# can't cancel print job in queue or stop test page printing



## pris78

I have two printer problems. 

1) The majority of the times that I cancel a print job, it shows up in my print queue as having a status of "deleting - printing," but doesn't get cancelled. Then I can't print other jobs, but I am someitmes able to cancel the others, just not the one that's stuck. Restarting the computer doesn't help, either.

2) After changing the ink cartridge on my printer, an HP PSC 1310 series, every time I turn the printer on, it prints a test page and I have to manually cancel it on the printer to stop it. It's done this about 20 times so far.

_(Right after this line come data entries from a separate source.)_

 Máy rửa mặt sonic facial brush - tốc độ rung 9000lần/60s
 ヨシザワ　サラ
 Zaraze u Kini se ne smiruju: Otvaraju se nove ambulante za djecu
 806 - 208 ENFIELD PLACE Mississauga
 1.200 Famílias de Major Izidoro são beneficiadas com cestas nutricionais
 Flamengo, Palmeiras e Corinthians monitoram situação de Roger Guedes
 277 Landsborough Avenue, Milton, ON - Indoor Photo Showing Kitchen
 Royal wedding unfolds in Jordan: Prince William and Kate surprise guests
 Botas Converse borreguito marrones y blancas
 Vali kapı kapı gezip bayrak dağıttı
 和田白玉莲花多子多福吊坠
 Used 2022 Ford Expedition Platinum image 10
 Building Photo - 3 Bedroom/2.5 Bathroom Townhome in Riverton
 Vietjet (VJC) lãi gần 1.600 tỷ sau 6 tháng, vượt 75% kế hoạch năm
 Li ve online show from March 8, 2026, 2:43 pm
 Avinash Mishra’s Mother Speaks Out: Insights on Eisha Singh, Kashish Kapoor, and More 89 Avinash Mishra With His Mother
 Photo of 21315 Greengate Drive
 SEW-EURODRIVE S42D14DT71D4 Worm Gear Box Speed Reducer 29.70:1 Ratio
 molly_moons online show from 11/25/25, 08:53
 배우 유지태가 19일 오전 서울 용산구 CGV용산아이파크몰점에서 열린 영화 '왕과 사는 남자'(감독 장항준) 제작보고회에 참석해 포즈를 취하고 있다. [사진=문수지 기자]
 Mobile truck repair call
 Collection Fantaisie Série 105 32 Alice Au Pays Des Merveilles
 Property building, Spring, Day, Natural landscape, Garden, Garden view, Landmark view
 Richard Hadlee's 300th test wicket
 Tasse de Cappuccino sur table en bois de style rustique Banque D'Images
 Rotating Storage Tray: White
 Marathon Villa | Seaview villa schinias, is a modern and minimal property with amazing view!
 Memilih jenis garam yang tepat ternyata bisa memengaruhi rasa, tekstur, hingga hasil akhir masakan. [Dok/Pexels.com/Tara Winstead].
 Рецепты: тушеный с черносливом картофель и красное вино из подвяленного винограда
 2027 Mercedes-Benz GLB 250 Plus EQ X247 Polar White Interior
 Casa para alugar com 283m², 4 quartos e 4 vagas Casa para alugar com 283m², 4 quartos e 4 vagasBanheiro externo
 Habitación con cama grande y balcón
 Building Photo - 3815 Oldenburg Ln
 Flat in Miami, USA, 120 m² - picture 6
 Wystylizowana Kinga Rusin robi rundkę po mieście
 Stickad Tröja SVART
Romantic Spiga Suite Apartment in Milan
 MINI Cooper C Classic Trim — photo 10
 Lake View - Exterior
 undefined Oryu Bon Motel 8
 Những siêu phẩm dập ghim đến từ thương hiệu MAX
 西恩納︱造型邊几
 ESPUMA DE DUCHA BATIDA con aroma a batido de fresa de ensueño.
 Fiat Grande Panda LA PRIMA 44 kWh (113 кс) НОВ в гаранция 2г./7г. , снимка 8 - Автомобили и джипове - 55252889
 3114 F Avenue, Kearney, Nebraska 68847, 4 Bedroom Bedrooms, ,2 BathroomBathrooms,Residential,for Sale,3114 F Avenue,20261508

Any help would be much appreciated. Thanks!


----------



## Whiter

*Had the same problem, and just found the answer...*

I've just spent a couple of frustrating hours with the exact same problem, trying to figure out why I couldn't print anymore. I'm not sure what I did to change my set up, but here is the answer I found at Lexmark tech support, and it fixed my problem:

---------
Print Job Stuck in the Print Queue in Windows XP ID:ENUS14418 

Select Cancel. The job status in the print queue remains at deleting until the PC is rebooted. 
Once the PC is rebooted, the job is cleared but the problem is repeated with the next print job. 

Check the print properties for the affected device in the print queue: 
-- Go to Start, Printers and Faxes. 
-- Right click on the printer icon and select Properties. 
-- When the Properties screen opens, click the Ports tab and verify that Enable bidirectional support is selected.

--------------------
Once I changed this and rebooted, then it worked fine (at least so far). Good luck.

Randy


----------



## aio

restart print spooler in services.msc - duh


----------



## malcolmpe

I have found that restarting the print spooler does not always clear the files.
Therefore stop print spooler then delete all files in C:\windows\system32\spool\printers then restart spooler.


----------



## Friend9

*Concerning the SECOND part of your query . . .*



pris78 said:


> I have two printer problems.
> 
> 2) After changing the ink cartridge on my printer, an HP PSC 1310 series, every time I turn the printer on, it prints a test page and I have to manually cancel it on the printer to stop it. It's done this about 20 times so far.
> 
> -----
> 
> Did you ever figure out how to stop the useless printing of a test page every time you turn on your computer?
> 
> My mother (in another state) complains of having the same problem on her HP PSC 1310 series printer, and I don't know how to instruct her to make it stop.
> 
> Anyone know?
> 
> Thanks.
> 
> friend9


----------



## sgundrum

After the ink cartridge was changed, did you let the unit do an alignment? If not, you need to allow the unit to finish the alignment. 

Are there any error messages or flashing lights?


----------



## gmb1994

*HP PSC1310 / PSC1315 printer queue problem solved*

Thanks sgundrum ... problem solved!

I couldn't print another "alignment page" since the print queue was frozen in "pending" status ... so I opened the printer and removed and re-inserted one of the ink cartridges ... I restarted the printer and it automatically printed a new "alignment page" ... I placed this "alignment page" on to the scanning bed and pressed the printer's scan button. The scanner started up again and 60 seconds later, it started printing the documents remaining in the printer queue ... problem solved.

ps. I also have an HP PSC1310 / 1315 series printer


----------



## tsundru

Hi,

I sometimes have the same problem: not being able to cancel a print job. I'm running Windows XP. 
In control panel I open 'printers and faxes'. I right click on the printer I'm using and then it allows me to cancel the job, whereas if I just left click and open the little printer dropdown menu, it doesn't cancel. 

Good luck.


----------



## lindabob

:4-dontkno


pris78 said:


> I have two printer problems.
> 
> 1) The majority of the times that I cancel a print job, it shows up in my print queue as having a status of "deleting - printing," but doesn't get cancelled. Then I can't print other jobs, but I am someitmes able to cancel the others, just not the one that's stuck. Restarting the computer doesn't help, either.
> 
> 2) After changing the ink cartridge on my printer, an HP PSC 1310 series, every time I turn the printer on, it prints a test page and I have to manually cancel it on the printer to stop it. It's done this about 20 times so far.
> 
> Any help would be much appreciated. Thanks!


----------